Enfermedades
nefro-urológicas:
Insuficiencia renal crónica. ¿Qué
se puede hacer desde la Atención Primaria
CRITERIOS
DIAGNÓSTICOS
Y ESTADIOS EVOLUTIVOS
La
IRC es una enfermedad progresiva, con unos estadios en los que se van incrementando
las manifestaciones clínicas. La progresión sigue un patrón
constante, que depende de la etiología y del paciente, con aceleraciones
y enlentecimientos (Tabla
1).
Los siguientes parámetros no ayudan para valorar la evaluación
del paciente:
Pruebas de la función
renal
o Urea plasmática: es un metabolito de
las proteínas que constituye el 50 por ciento del soluto de la orina; sus
valores normales son de 5-20 mg/dl (nitrógeno ureico en sangre BUN). No
es un parámetro idóneo de medida del flujo glomerula, ya que está
influido por numerosos factores. La elevación aislada de urea con creatinina
normal, indica causa no renal de la uremia (insuficiencia prerrenal).
o
Creatinina y aclaramiento de creatinina: es un producto del metabolismo muscular;
sus niveles normales son menores de 1,2 mg/dl. Se precisa una reducción
del 20-30 por ciento del filtrado glomerula para que se traduzca en aumento de
creatinina.El aclaramiento de creatinina (Ccr) es el mejor detector precoz, tanto
de fallo renal progresivo lento , como de alteración glomerular en una
persona sana, siempre que esté bien recogida la orina.
o En los
pacientes diabéticos la detección precoz de la nefropatía
diabética se centrará en la cuantificación de la EUA (Excreción
Urinaria de Albúmina); la ventaja de la determinación del índice
albúmina/creatinina es su fácil realización en una muestra
de orina y que sus resultados son prácticamente superponibles a los obtenidos
en orina minutada, que es el patrón oro en la determinación de la
EUA. La microalbuminuria se considerará patológica, cuando 2 de
3 determinaciones consecutivas realizadas en un periodo de tras a seis meses sean
positivas. La EUA se considerará elevada si es mayor o igual a 30 mg/24
horas o 20 ug/min en orina minutada ó 30mg/g de creatinina en una muestra
de orina aislada (Tabla 2).
Exploraciones
Complementarias
o Laboratorio:
La anemia es
normocroma y normocítica, y aumenta conforme asciende la creatinina, provocando
cansancio, disnea e intolerancia al ejercicio.

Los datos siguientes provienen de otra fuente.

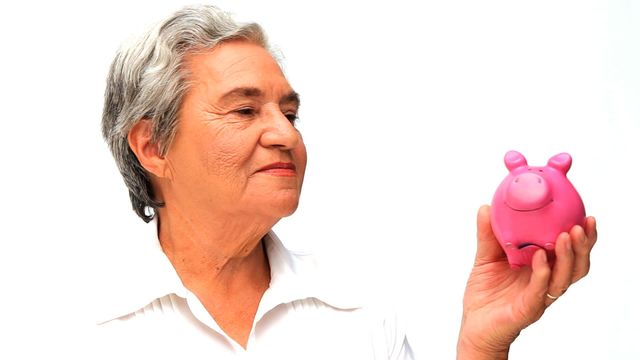 An elderly woman with grey hair is smiling while holding a pink piggy bank, symbolizing financial planning and retirement savings. This video is perfect for illustrating financial security, retirement concepts, savings strategies, and banking services aimed at seniors. Suitable for use in articles, promotional materials, or educational resources focusing on financial literacy and budgeting for senior citizens.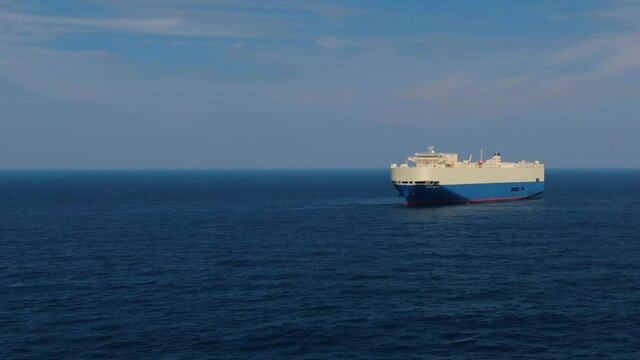 A large ship for transporting goods across the ocean. Rollers. Trailer vessels. Ro-Ro type vessel. A huge ship for transporting cars and equipment. Aerial  4K shot.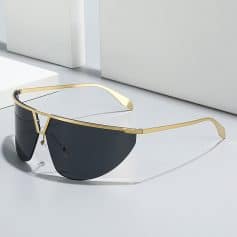 Luxury designer sunglasses with black tinted lenses and gold metal frame, fashionable eyewear for sun protection, Monalisa Store.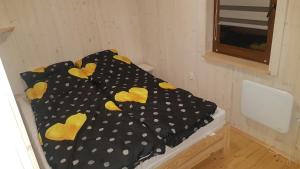 a bed with polka dot sheets on it in a room at Domek całoroczny in Buda Ruska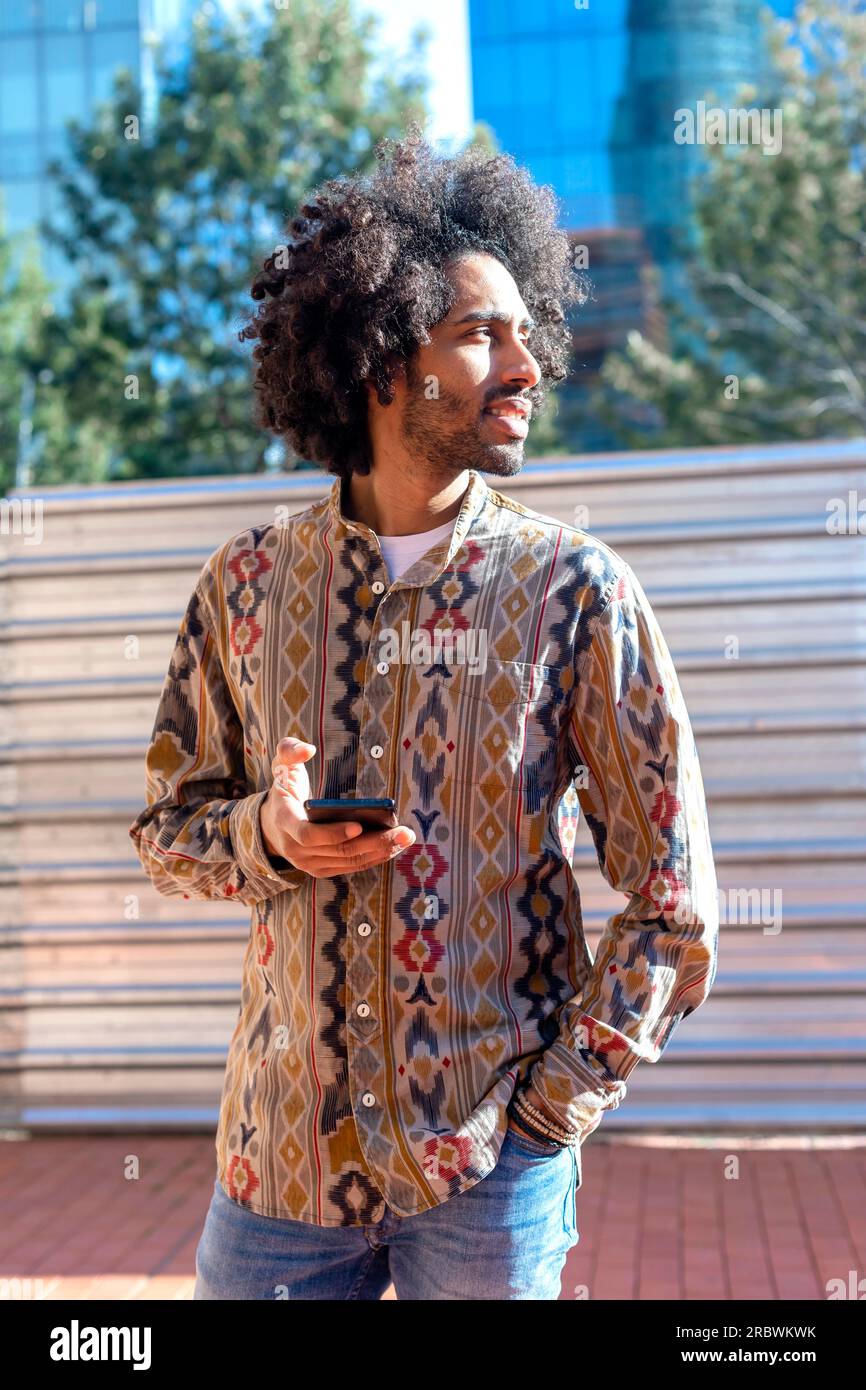 Black man afro using hi-res stock photography and images - Alamy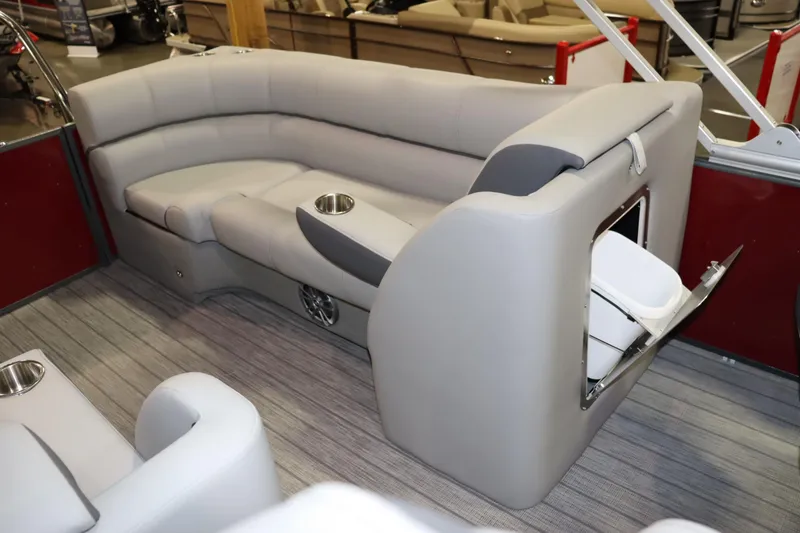 Slide: The Image of The image shows the interior of a 2022 Veranda VTX 22VLC boat with gray upholstered seating. - 10
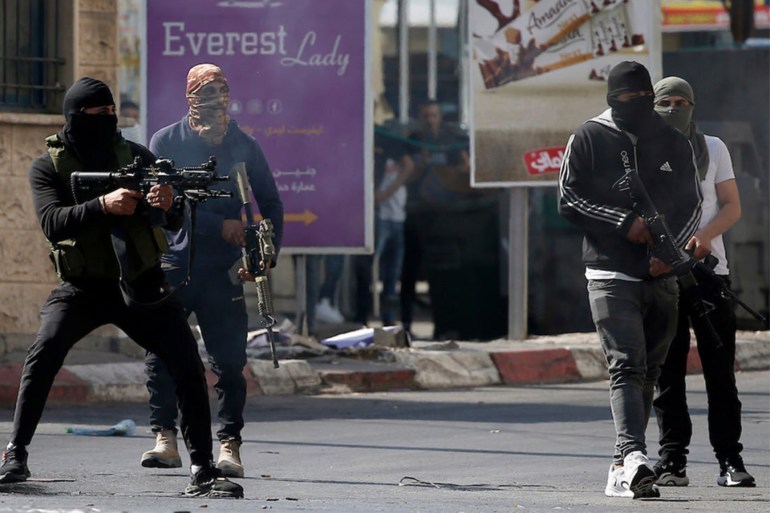 Palestinian armed militants take up position during a confrontation with Israeli army in the occupied West Bank city of Jenin on July 3, 2023. The Israeli army said it had launched drone strikes in Jenin as part of an "extensive counterterrorism effort" that the Palestinian health ministry said killed four residents. (Photo by Jaafar ASHTIYEH / AFP)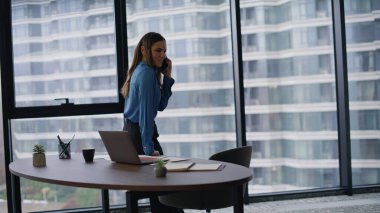 Yönetici, ofis masasına yaslanarak akıllı telefon pazarlığı yapıyor. Lüks iş yerinde panoramik pencereli cep telefonuyla konuşan zarif bir iş kadını. Başarılı kadın patron arıyor..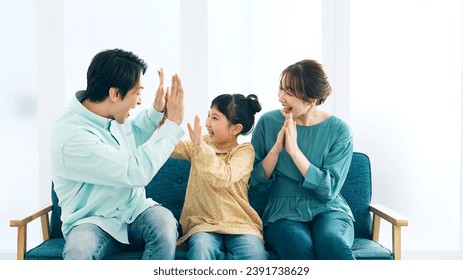 Asian family getting excited watching TV. Watching sports. - Powered by Shutterstock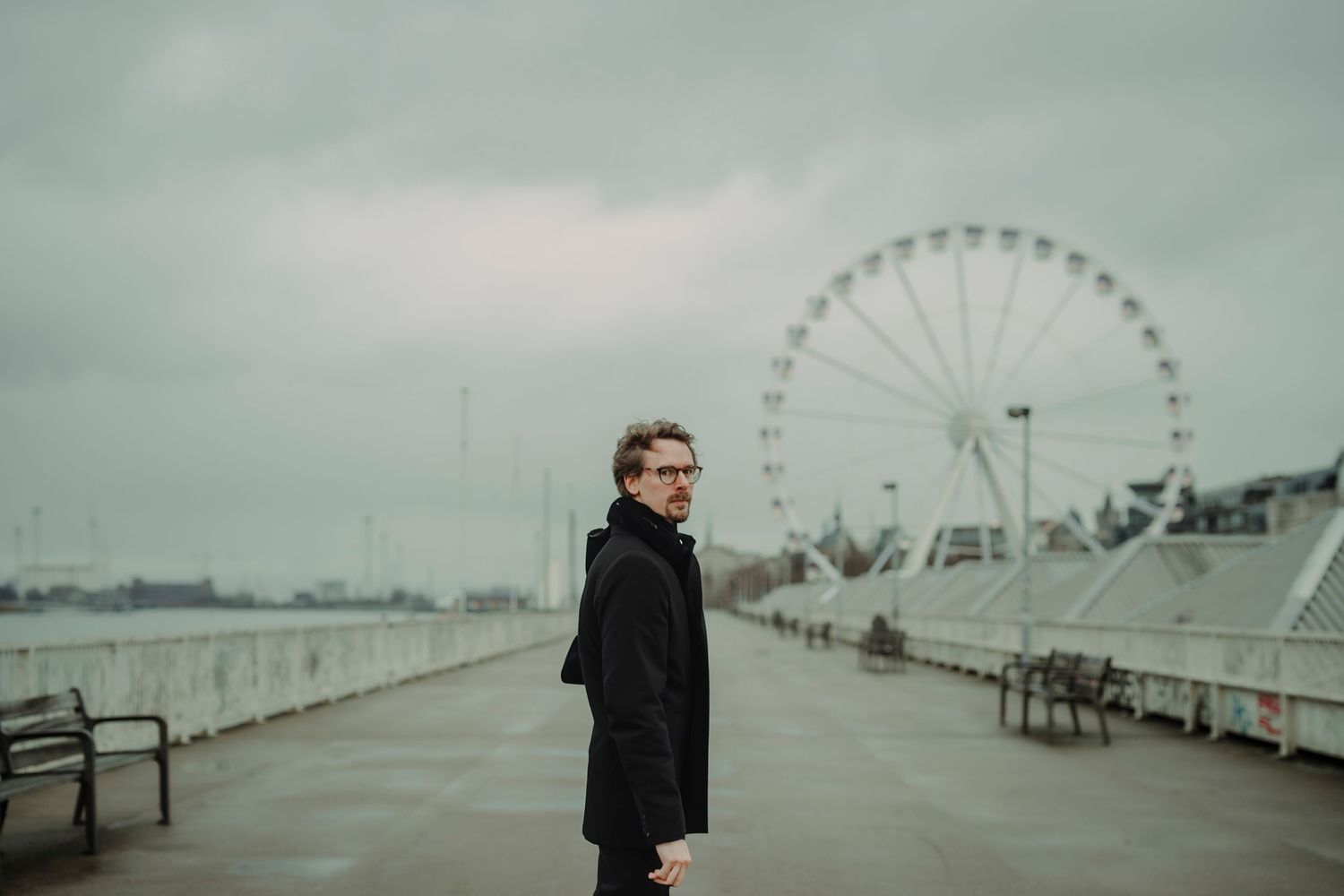 A person in a black coat stands on a rainy waterfront promenade with a large Ferris wheel visible in the background.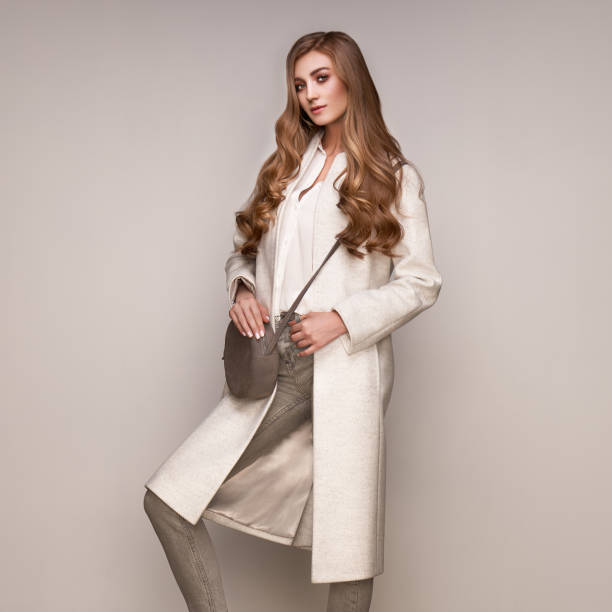istock Young woman in white autumn coat 1174211220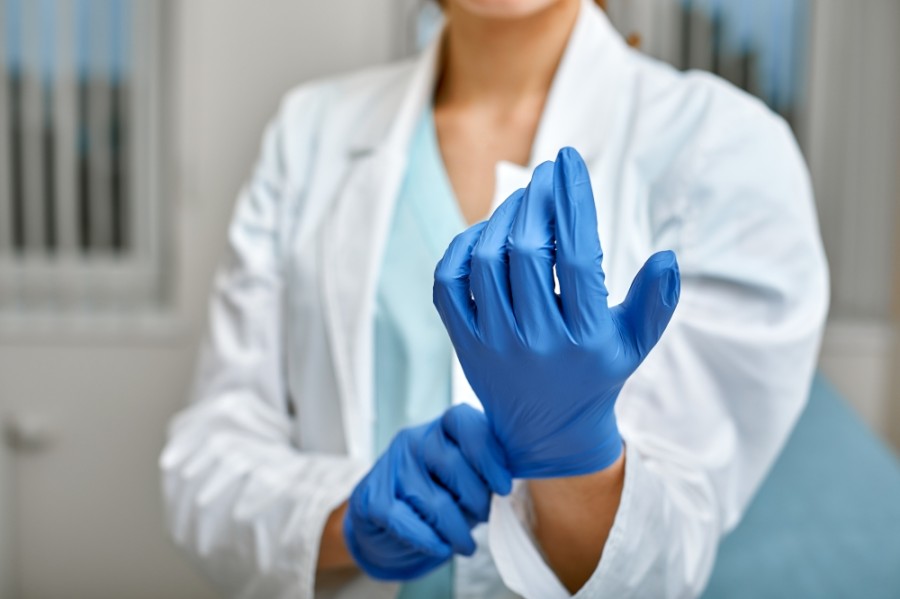 Photo of a female physician putting on blue latex gloves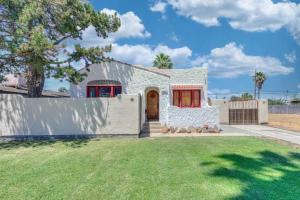 a white house with a fence and a yard at Beautiful Spanish-Styled Home in Fresno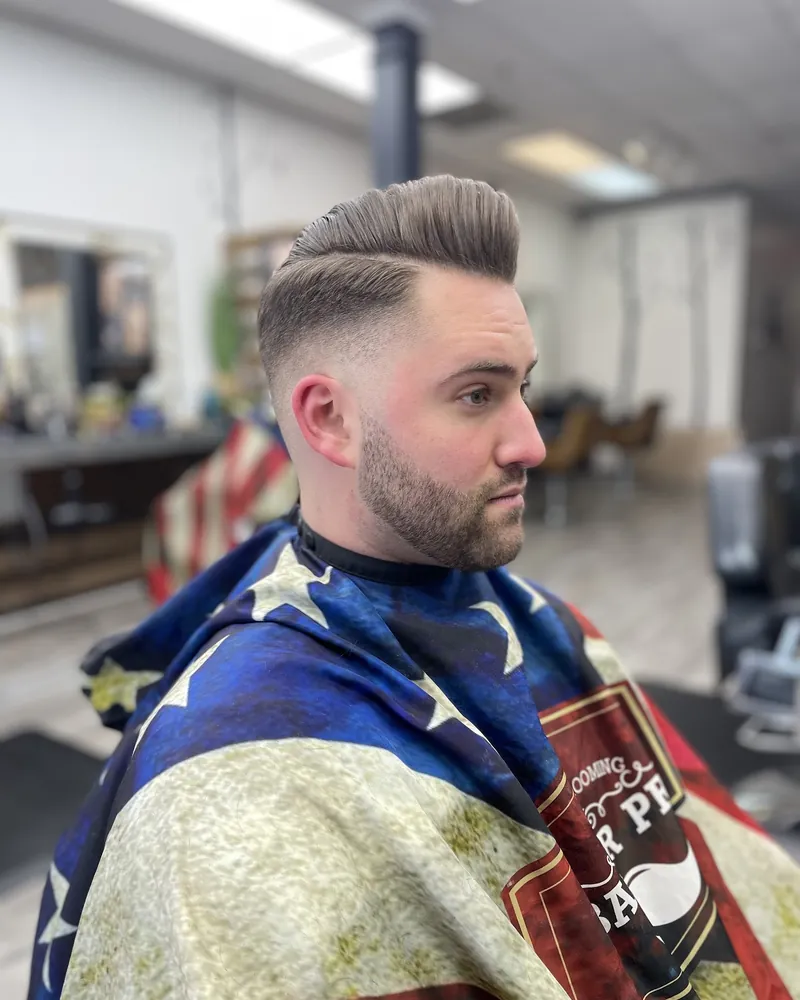 A textured quiff with a taper fade and a full beard, cut at Milton Salon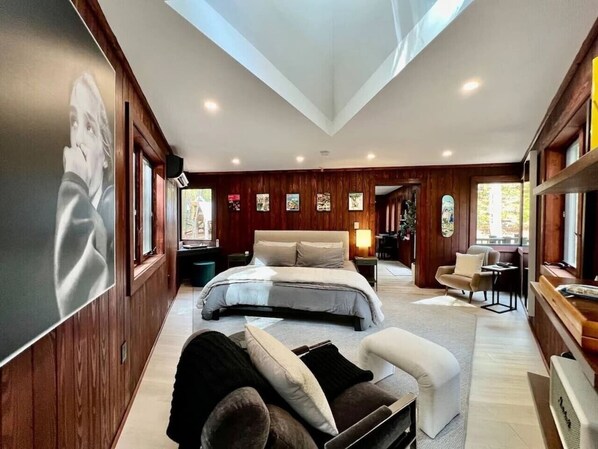 A spacious bedroom with a large bed, a seating area with a sofa and armchairs, wooden paneling, and artwork on the walls. - Ridgeline Treehouse at Cherryfield Luxury Camping (Brevard)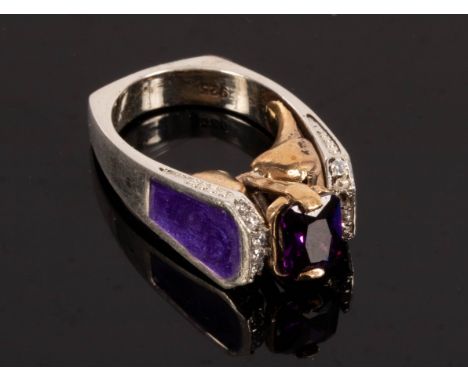 A modernist amethyst ring, the silver shank with purple enamel shoulders, stamped 925, size J and a silver and enamel ring mo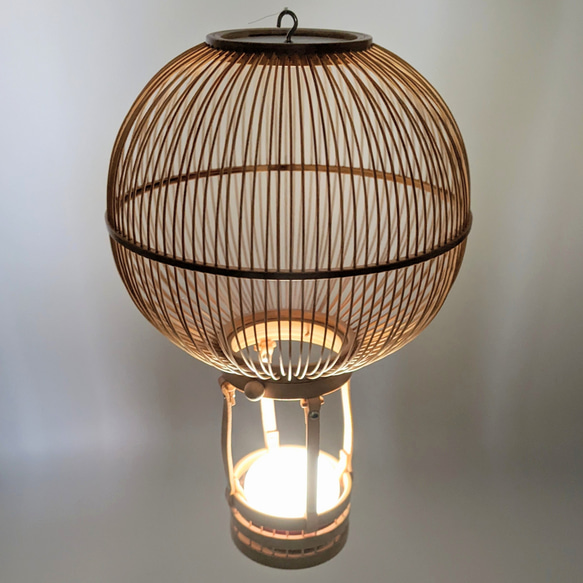 Handcrafted Suruga bamboo hot air balloon hanging ornament with leather accents and a small removable basket. – view 13
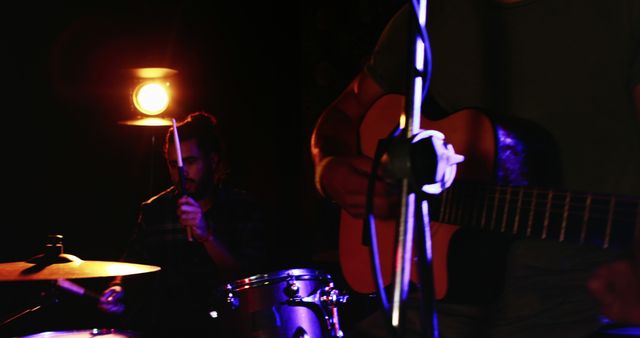 Musicians perform on stage, with the focus on a drummer and a guitarist, both appearing to be young adults. Low lighting sets an intimate atmosphere for a live music event, capturing the essence of a small venue concert.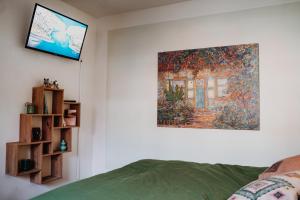 a bedroom with a painting hanging on the wall at Mülheim NEUES Appartment, E-Werk, Palladium, Carlswerk, Messe, Lanxess-Arena in Cologne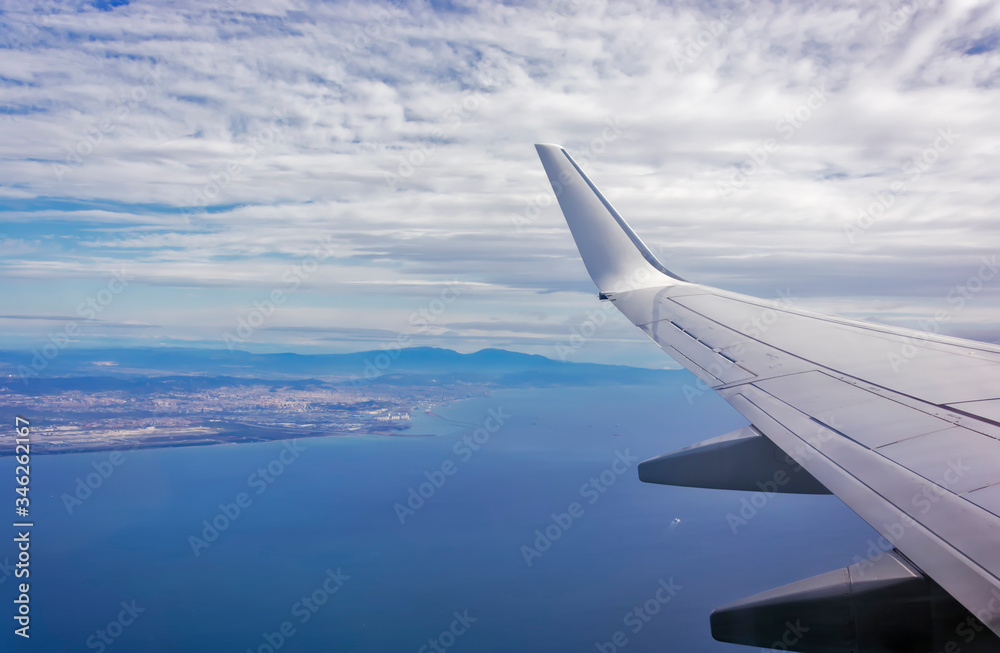 View of the wing of an airplane flying above the clouds at high altitude under a blue sky from the passenger window. In flight over Europe. View of jet airplane wing flying in blue sky over clouds. View of the wing of an airplane flying above the clouds at high altitude under a blue sky from the passenger window. In flight over Europe. View of jet airplane wing flying in blue sky over clouds.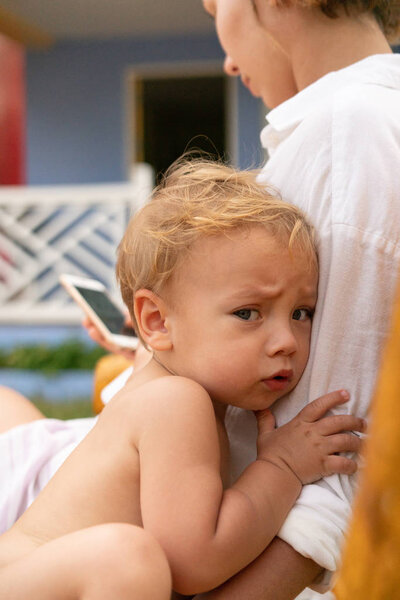 Малыш Тоддлер страшно обнимает мать за плечо.
.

También aparecen una prolongación
del tiempo de hemorragia, un aumento de los triglicéridos y LDL, y una
intolerancia a la glucosa. Aumentan la creatinina, la urea y el ácido úrico,
según progresa el deterioro renal;
el potasio y el sodio, hasta
fases muy avanzadas no se alteran, no así el calcio, el fósforo
y el magnesio. La retención de hidrógeno provoca la acidosis metabólica.
o
Técnicas de imagen:
Las indicaciones de la ecografía para
el médico de familia aparecen en la Tabla
3.
La radiografía simple de abdomen visualiza el tamaño
renal, las calcificaciones y alteraciones groseras del contorno.
La utilidad
de la urografía intravenosa se basa en la evaluación del tamaño,
forma de los riñones y vía excretora. Nos da una idea de la función
renal, aunque con riesgo por el contraste.
La tomografía axial
computerizada visualiza imágenes retroperitoneales, así como tumores
renales y quistes.
La angioresonancia nuclear magnética es de gran
resolución para la evaluación de alteraciones vasculares. La arteriografía
renal selectiva sirve tanto para el estudio de la estenosis de la arteria renal
como tratamiento sobre el árbol vascular (stent, dilataciones).
o
La biopsia renal solo está justificada cuando se estime que el diagnóstico
puede influir en el tratamiento a realizar. Sospecha de enfermedades con buena
justificación para biopsia: nefritis, lupus sistémico, hipertensión
arterial, mieloma y glomerulonefritis progresivas.